聡の言葉を否定する良太郎と夏海に、しかし、聡はそんな2人が驚くある事実を、さらりと言いのけた。

「だって、付き合ってるべよ、英吾と秋穂ちゃん」

聡の言葉に、夏海と良太郎は飛び出しそうなほどに目を見開き、驚いた。

「マジで?! ウソだろ」
「いつからよ?」

信じられないという顔つきで驚きを顕にする良太郎と夏海に、聡はそれ以上に驚いた顔をして言葉を続けた。

「中学の頃からみてえだぞ。
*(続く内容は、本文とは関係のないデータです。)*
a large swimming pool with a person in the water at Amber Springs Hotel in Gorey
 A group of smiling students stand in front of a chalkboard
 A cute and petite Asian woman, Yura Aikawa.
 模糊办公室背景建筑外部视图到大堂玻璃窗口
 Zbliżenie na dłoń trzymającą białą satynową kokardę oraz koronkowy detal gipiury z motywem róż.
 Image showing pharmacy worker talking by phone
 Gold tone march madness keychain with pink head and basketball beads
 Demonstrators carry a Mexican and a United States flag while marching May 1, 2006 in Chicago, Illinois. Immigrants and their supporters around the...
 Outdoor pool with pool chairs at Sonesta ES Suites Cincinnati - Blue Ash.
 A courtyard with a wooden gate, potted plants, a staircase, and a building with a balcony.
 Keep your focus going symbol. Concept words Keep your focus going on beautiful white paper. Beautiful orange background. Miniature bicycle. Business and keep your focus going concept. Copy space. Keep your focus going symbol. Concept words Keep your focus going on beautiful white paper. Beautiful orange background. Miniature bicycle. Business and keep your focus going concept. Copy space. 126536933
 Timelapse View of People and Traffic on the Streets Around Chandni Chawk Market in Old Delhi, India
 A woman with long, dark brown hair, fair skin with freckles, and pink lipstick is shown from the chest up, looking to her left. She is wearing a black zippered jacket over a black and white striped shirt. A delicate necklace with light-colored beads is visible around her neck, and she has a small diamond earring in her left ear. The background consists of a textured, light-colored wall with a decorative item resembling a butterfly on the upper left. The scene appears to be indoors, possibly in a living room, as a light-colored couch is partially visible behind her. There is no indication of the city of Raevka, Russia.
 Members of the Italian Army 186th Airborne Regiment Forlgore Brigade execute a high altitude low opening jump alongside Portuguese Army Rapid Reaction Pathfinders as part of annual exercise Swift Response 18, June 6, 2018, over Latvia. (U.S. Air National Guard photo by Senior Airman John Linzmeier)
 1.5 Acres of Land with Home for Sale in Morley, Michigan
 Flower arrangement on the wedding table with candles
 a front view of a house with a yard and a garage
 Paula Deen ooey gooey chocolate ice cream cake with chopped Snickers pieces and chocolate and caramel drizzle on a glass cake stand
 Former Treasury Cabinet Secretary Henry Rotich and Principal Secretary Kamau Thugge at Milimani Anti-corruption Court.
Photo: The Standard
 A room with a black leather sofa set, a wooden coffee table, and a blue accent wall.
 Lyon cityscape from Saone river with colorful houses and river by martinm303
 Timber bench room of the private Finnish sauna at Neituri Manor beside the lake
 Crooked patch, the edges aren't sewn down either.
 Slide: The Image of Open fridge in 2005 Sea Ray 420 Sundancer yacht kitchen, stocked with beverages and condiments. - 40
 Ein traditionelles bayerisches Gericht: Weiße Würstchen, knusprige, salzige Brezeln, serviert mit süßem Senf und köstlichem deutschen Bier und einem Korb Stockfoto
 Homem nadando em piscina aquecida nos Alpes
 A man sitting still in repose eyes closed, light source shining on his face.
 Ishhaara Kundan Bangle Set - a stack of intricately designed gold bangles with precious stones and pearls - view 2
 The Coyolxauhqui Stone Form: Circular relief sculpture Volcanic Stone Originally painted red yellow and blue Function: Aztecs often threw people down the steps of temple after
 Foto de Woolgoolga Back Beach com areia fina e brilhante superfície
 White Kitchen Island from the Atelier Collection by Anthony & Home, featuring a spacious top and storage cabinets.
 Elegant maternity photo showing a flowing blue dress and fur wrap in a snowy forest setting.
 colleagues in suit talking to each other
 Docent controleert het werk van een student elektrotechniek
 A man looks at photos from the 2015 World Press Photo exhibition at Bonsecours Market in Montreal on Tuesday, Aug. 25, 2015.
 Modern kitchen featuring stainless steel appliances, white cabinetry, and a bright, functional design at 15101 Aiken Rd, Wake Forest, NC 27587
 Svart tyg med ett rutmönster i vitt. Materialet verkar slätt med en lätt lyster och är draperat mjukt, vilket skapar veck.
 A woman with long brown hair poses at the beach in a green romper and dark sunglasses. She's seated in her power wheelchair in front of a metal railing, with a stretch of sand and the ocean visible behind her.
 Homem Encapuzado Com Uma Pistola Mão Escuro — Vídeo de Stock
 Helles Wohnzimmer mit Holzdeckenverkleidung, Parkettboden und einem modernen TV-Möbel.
だから、秋穂ちゃんのとこで勉強してたんだろ、英吾」
「マジかよ?!」

なんてこったと、良太郎は頭を抱えて呻いた。

「その様子じゃ、おニブ野郎の良太郎は、思いっきりお邪魔虫してたようだけな」

ダメだな、おメーは。
そう言ってカラカラと笑う聡に反論すらできず、良太郎はただ愕然となりながら、中学時代からの英吾と秋穂の様子をあれこれと思い返したが、どうあってもそんな雰囲気がどこにあったのか、良太郎は思い返せなかった。